Many saw and still see Mike Tomlin’s hire as a product of “Rooney Rule.” Named after Dan Rooney, the rule requires franchises to interview minorities for head coaching vacancies. Mike Tomlin did get hired because of a Rooney Rule, but one very different from Roger Goodell’s.

As Mike Silverstein, aka “Homer J” on Going Deep with the Steelers, has pointed out time and time again, Dan Rooney’s rule for hiring coaches is pretty straight forward:

  • Hire the best guy, and stick with him as long as you can.

Rooney followed that rule with Chuck Noll. Ten years later he’d added 4 Lombardi Trophies where they’d been none. Ten years removed from his hire date, Bill Cowher had yet to bring home “One for the Thumb” but he was closing in on his 4th AFC Championship game. Cowher lost that AFC Championship game as well as his next, but the Rooney’s stuck with Cowher, and he delivered in Super Bowl XL.

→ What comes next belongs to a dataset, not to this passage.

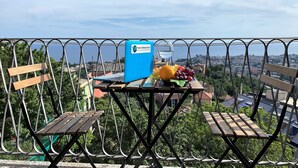 A balcony with a laptop, a glass of water, and a fruit bowl. - House Blue Sky (Genoa)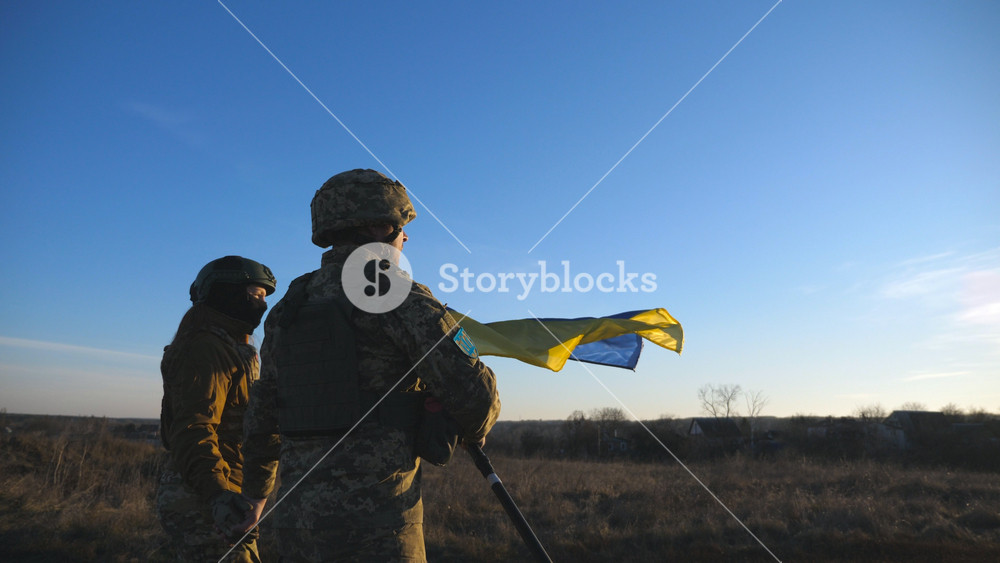 Ukrainian army soldiers stands outdoor at sunset time and waves flag of Ukraine. People in military uniform lifted up flag against blue sky. Victory at war. Resistance to russian invasion. Slow motion.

  • Too many Steelers fans don’t quite understand how lucky they are.
Super Bowl XL Lombardi Presentation, Bill Cowher Lombardi Trophy, Dan Rooney, Art Rooney II, Kay Cowher

Bill Cowher stands with Kaye Cowher, Art Rooney II and Dan Rooney on the dias after Super Bowl XL. Photo Credit: Mike Urban, Seattle P-I

In college, I roomed with a New York Jet’s fan, who endured Leon Hess’ firing of Pete Carroll after one season. Hess justified his knee-jerk decision by explaining he was 80 and wanted to win a Super Bowl before he died. Hess replaced Pete Carroll with Rich Kotite.

  • For the record, Rich Kotite went 3-13 and 1-15; Pete Carroll is 103-72 and wears a Super Bowl ring.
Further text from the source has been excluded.